> _ASSIGNMENT_: Go to the line with "Mounted Shower W2287140903" in the records below, then output it and each following line exactly, up to and including the line with "Websy and the Time Rogues banner". Skip pictures and add nothing.

> _DATA EXTRACTS_:
* * * * *

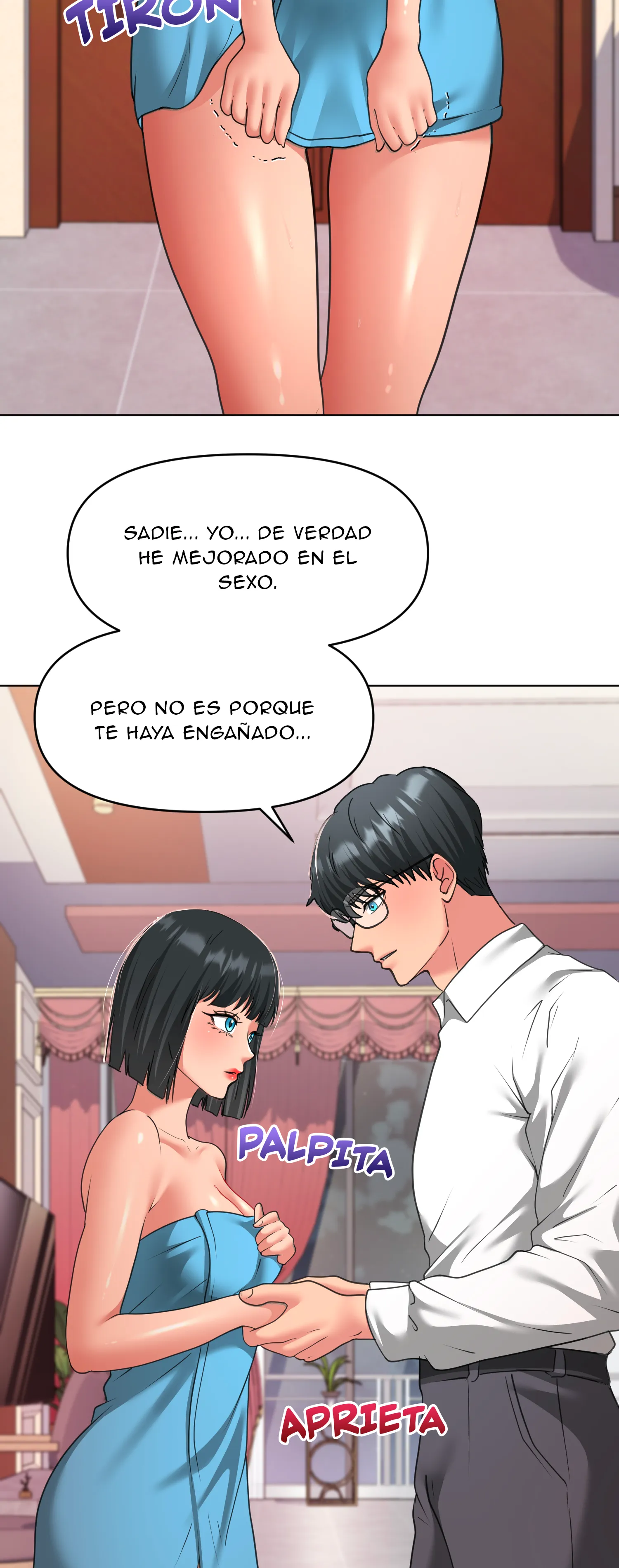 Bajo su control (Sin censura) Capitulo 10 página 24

* * * * *

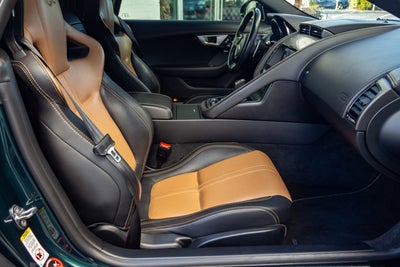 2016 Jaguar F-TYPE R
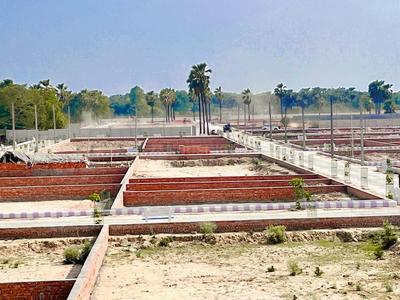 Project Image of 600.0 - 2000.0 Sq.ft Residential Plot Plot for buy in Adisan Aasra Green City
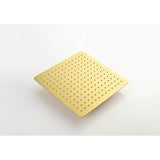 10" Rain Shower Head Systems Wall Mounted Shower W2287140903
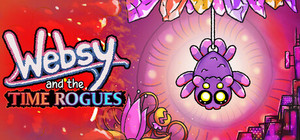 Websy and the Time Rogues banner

* * * * *

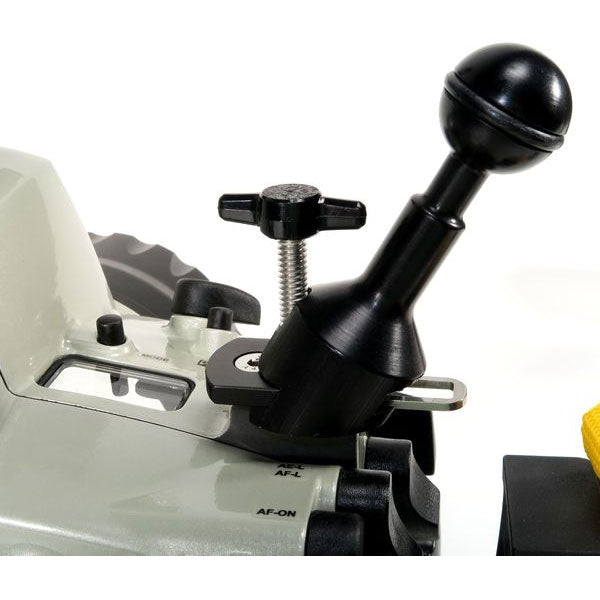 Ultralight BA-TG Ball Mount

* * * * *

> _ANSWER_:
 10" Rain Shower Head Systems Wall Mounted Shower W2287140903
 Websy and the Time Rogues banner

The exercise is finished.